Could you return only the lines that run from the line with "Kuc islandzki, Ogier, 5 lat, 133 cm" through the final line of the data, exactly as they stand?

Records from a dataset:

___

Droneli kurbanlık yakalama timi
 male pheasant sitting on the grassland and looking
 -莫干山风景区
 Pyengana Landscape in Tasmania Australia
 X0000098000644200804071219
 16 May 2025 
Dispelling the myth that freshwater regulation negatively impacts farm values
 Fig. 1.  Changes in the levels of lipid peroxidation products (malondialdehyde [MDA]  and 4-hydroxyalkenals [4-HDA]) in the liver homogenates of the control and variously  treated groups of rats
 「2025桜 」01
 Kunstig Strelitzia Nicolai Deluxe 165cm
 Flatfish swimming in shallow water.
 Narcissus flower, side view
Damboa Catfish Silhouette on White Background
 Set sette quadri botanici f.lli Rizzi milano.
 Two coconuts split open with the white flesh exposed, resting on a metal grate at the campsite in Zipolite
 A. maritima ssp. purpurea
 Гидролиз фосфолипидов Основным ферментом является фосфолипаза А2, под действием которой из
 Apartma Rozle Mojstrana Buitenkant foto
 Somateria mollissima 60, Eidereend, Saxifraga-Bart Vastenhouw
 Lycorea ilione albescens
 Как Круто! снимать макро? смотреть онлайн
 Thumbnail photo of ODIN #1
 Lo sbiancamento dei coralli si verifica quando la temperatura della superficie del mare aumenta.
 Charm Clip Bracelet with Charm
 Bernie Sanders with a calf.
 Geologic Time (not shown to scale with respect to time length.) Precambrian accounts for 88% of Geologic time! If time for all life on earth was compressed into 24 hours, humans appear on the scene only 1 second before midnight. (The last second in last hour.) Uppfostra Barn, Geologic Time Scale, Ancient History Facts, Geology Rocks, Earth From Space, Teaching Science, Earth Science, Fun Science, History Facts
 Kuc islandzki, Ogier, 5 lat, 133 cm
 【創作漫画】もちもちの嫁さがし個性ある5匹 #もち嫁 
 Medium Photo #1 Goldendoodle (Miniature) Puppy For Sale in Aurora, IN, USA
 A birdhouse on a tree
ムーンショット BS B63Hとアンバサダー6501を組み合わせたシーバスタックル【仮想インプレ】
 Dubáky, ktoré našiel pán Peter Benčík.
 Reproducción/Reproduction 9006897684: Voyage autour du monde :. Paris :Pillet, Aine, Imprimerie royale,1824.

___

■ ANSWER TO THIS EXERCISE
 Kuc islandzki, Ogier, 5 lat, 133 cm
 【創作漫画】もちもちの嫁さがし個性ある5匹 #もち嫁 
 Medium Photo #1 Goldendoodle (Miniature) Puppy For Sale in Aurora, IN, USA
 A birdhouse on a tree
ムーンショット BS B63Hとアンバサダー6501を組み合わせたシーバスタックル【仮想インプレ】
 Dubáky, ktoré našiel pán Peter Benčík.
 Reproducción/Reproduction 9006897684: Voyage autour du monde :. Paris :Pillet, Aine, Imprimerie royale,1824.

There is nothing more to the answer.